米中覇権争いの中、イギリスが「大胆な外交戦略」を描く理由

ブレグジット後、一体どうなるのか?
笠原 敏彦 プロフィール

例えば、人民元の国際化が進む中で、金融街シティにはそのオフショア取引の拠点となるという期待がある。米中の対立が深まるほど、シティはこの分野でウォール街に対して優位性を高めるはずだ。

また、ファーウェイの市場参入容認という「経済政策と安全保障政策の断絶」について言えば、イギリスはすでにアメリカの反対を押し切り、国内の新規原発建設への中国企業の参入を認めてもいる。

「開かれた経済」という大原則の御旗の下に、すでに先鞭はつけられているのである。

 

冷徹に国益を見定め、柔軟に行動する

その一方で、イギリスは中国の海洋進出、軍事的台頭を睨んで、南シナ海でアメリカや日本と軍事演習・共同訓練を行い、最新鋭空母「クイーン・エリザベス」を遠路はるばる太平洋に派遣すると表明している。

中級国家の軍事戦略としては時代錯誤の感もするが、ブレグジット後の世界戦略の一環としてインド太平洋地域でのプレゼンス向上を狙ったものだという。

イギリスは対中政策で経済と軍事・安全保障を明確に分離する方針のようである。

筆者には、イギリスの米中認識は次のようなものではないかと思える。

アメリカにとっては、米中覇権争いという大状況下で、最大の同盟国であるイギリスを簡単に手放すわけにはいかない。

一方で中国にとっては、対米外交で独自性を発揮できるイギリスは欧州先進国に斬り込んでいくゲートウェーとして有用である。

イギリスを自陣営に惹きつけることはアメリカにとっても、中国にとっても、覇権争いの趨勢に影響を及ぼし得る問題だろう。

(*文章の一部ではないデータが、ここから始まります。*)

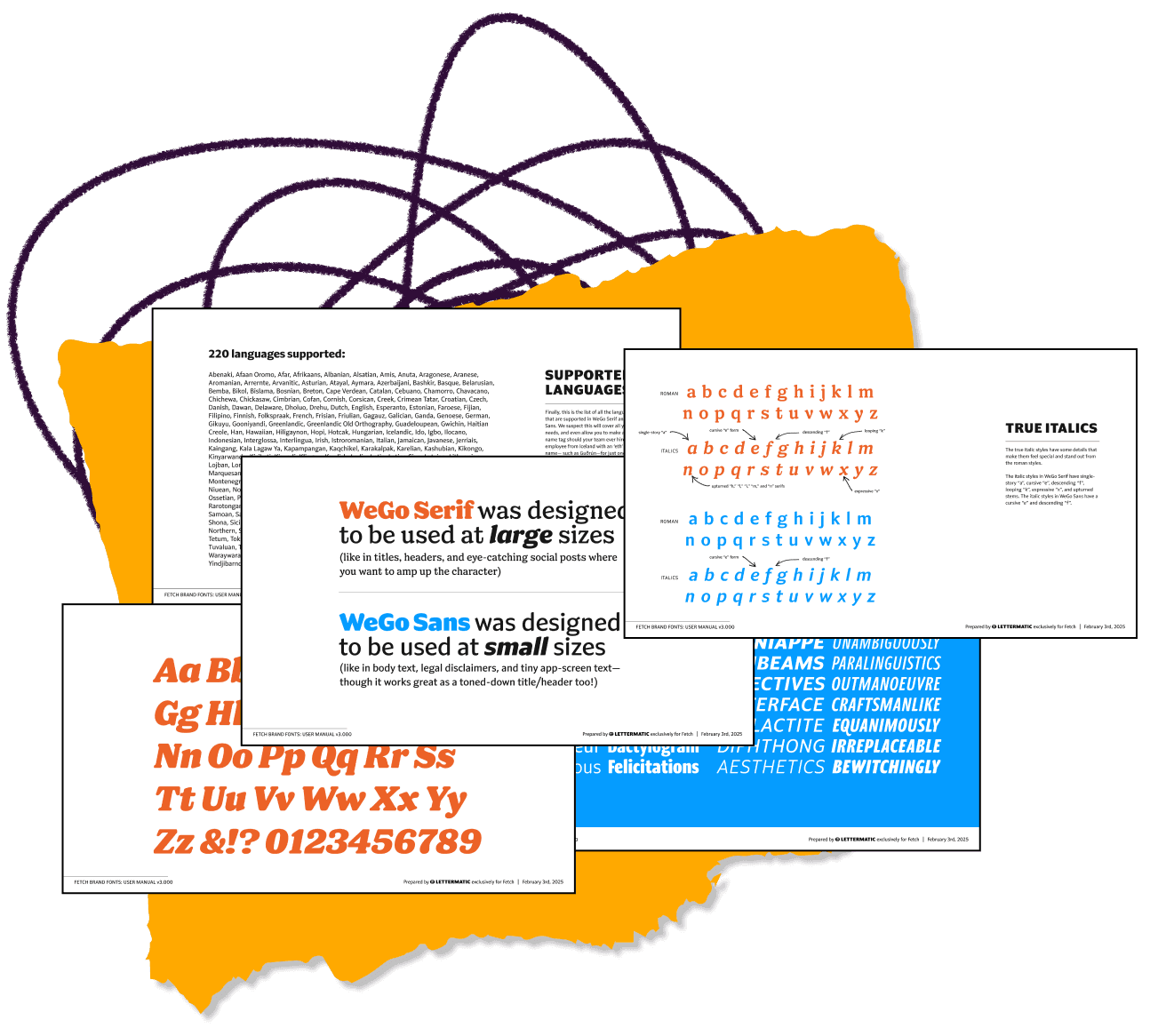 <b class="accent">FIG. 17 — </b>Samples from the custom User Manual delivered as part of WeGo Sans and WeGo Serif, showcasing all the features of each style.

イギリスはある意味で「キャスティングボート」を握ったかのように、米中間の競争の狭間で冷徹に国益を見定め、柔軟に行動していこうとしているのかもしれない。

ブレグジット後の世界における地位と役割の模索を始めたイギリス。その姿は、かつての冷戦時代のように二つの陣営に分かれて争う世界ではなくなっていることを映し出しているようにも見える。